Min Ye..., directed by Souleymane Cissé. As with Life During Wartime, a by-now-veteran loses control of the frame. Loads of Guiding Light-style close-ups and unshaped squabbles are almost redeemed by an off-kilter, very funny central performance by Sokona Gakou. Unfortunately, rounding the thing off at a woefully bloated 135 minutes, Cissé has done his best to shoot himself in the foot.

Precious: Based on the Novel Push by Sapphire, directed by Lee Daniels. What’s with the title? Did someone lose a bet with Sapphire? Propelled by social issues, dreams, and overwrought Gloom, this is a grab bag about perseverance, and finally, backflipping redemption. Visually, Daniels enters each scene like he forgot the last, but there’s no getting around the dedication of his performers. It’s a little much to see a Harlem social worker drop a tear at her desk, but still, that was Mariah Carey, and I barely recognized her, I actually bought her, and that’s some kind of trick.

“YEAH. IT WAS GOOD. I MEAN...YES. YES, IT…I LIKED IT.” Like the American Southwest, this territory comes with a certain number of reservations:

Eccentricities of a Blond Hair Girl (pictured), directed by Manoel de Oliveira. How old is Portuguese master Manoel de Oliveira, really? I heard he punched Thomas Edison in the face once for showing up late to set. Someone else told me he was seven when The Birth of a Nation came out. Can either rumor possibly be true? In any case, his sixty-four minute cut glass perfume bottle of a film feels like it was carefully transported, in a velvety pouch, from a different age. I wouldn’t say it compares so favorably to late-era Buñuel, but Oliveira’s visual scheme, falling somewhere between drab and fancy, is odd, refreshing, even exhilarating. I hope that when I’m 101 I’ll remember the film’s stunning last frame: the titular object of desire, seated, her legs open, her head down, beast-like, slipped off.

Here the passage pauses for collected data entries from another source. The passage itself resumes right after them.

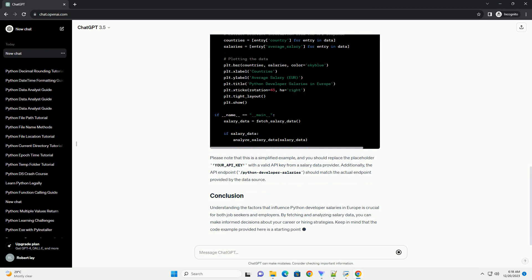Let's use Python to fetch and analyze Python developer salary data. We'll use the requests library to make API requests and Matplotlib for data visualization. Please note that this is a simplified example, and you should replace the placeholder your_API_key with a valid API key from a salary data provider.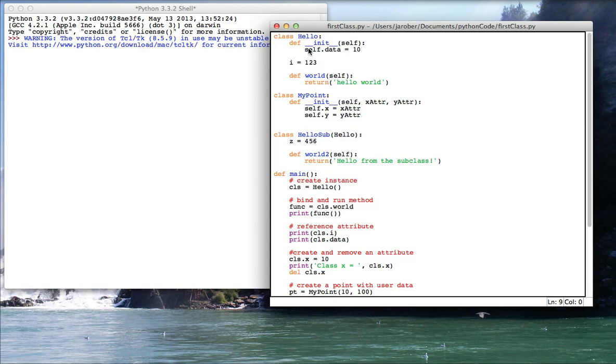Moreover, if you prefix something with two underscores, there is name mangling that's done by the interpreter. So this init method will actually be known by the system as hello underscore underscore init.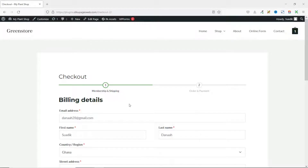Adding a multi-step checkout to your online store can help increase the conversion rate and reduce the cart abandonment rate. In this video, I'll show you how to add a custom multi-step checkout page to your online store.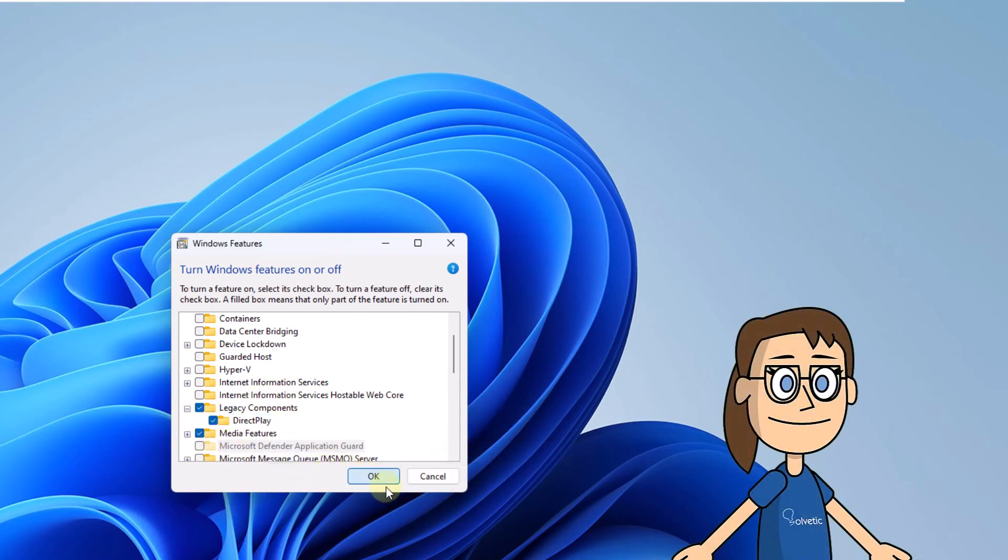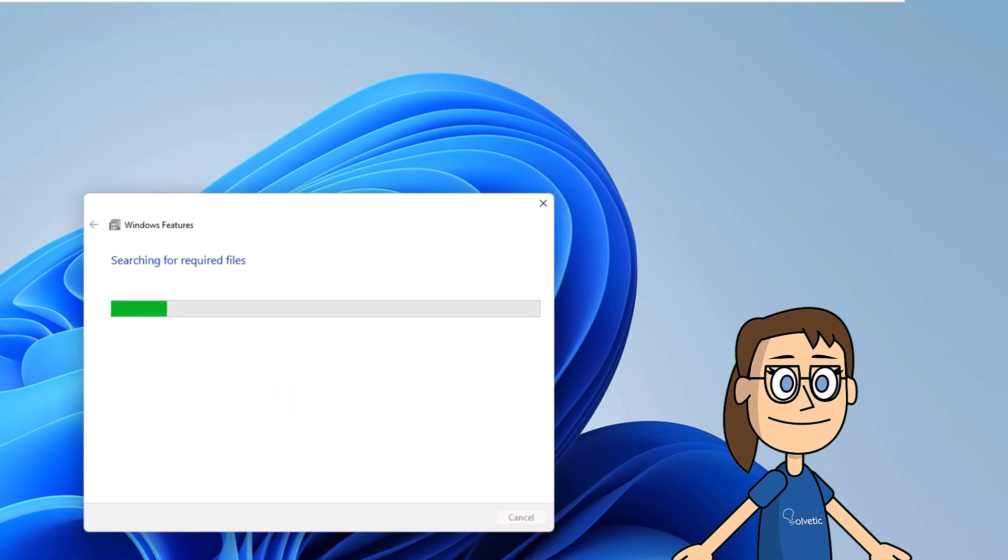After this click OK and you must wait for the associated files to be searched and these changes to be applied. You can close the wizard when finished.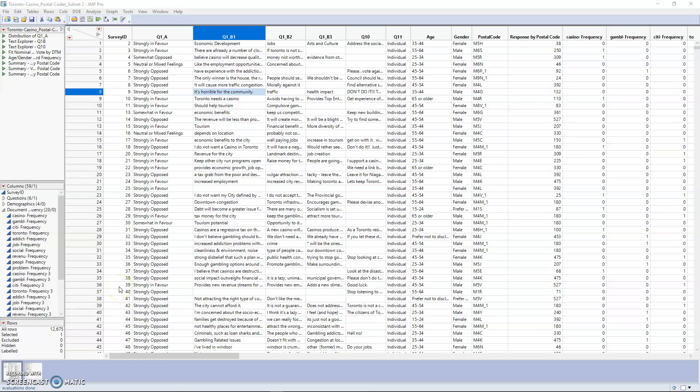Hi everyone, this is Ryan again. I'm going to be creating a short series to show how to use JMP to perform text analysis. In this case, we're using a dataset that is a survey from Toronto about having a downtown casino, with people's responses and their comments about their feelings towards the casino.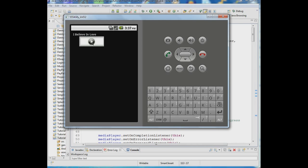We're going to set up our service to broadcast a message with a certain identifier and set up our activity to receive a message with that identifier. When we set up the media player to play, the first thing we do is a prepareAsync, and that tells the media player to get prepared. When we call prepare, we'll send a message to the activity to pop up a progress dialog. When onPrepared fires in the service, it will send another message to the activity saying it's ready to play, and the activity will dismiss the dialog. That's how you do communication between a service and an activity.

The White Ribbon, directed by Michael Haneke. By now, Haneke has amassed quite the flock of hairshirted admirers, and until I got to the end of this long and scolding communal mystery, I counted myself unquestionably among them. Startlingly precise imagery in the service of…what, exactly? Haneke has left out the answer to his own painstaking equation; the love story at the center is tender and honest, but the moral ugliness swirling around it feels like Halloween decoration. He’d be easier to shake if he weren’t so goddamned talented.

Ne change rien, directed by Pedro Costa. If I’d walked out on this, would it have ceased to exist? Costa, a hardcore formalist and unapologetic descendant of Straub/Huillet and late-era Godard, chronicles the actress-turned-chanteuse Jeanne Balibar, as she, well, tries to get the beat right. Like his countryman Oliveira, Costa knows exactly where to put the camera—far but close—and relishes limitation, but your engagement might rely not on his placement, but hers. Forgive me for this, but is Balibar any good? Is she worth all this? In any case, Costa’s getting the Eclipse treatment soon from Criterion, and I can’t wait to wait.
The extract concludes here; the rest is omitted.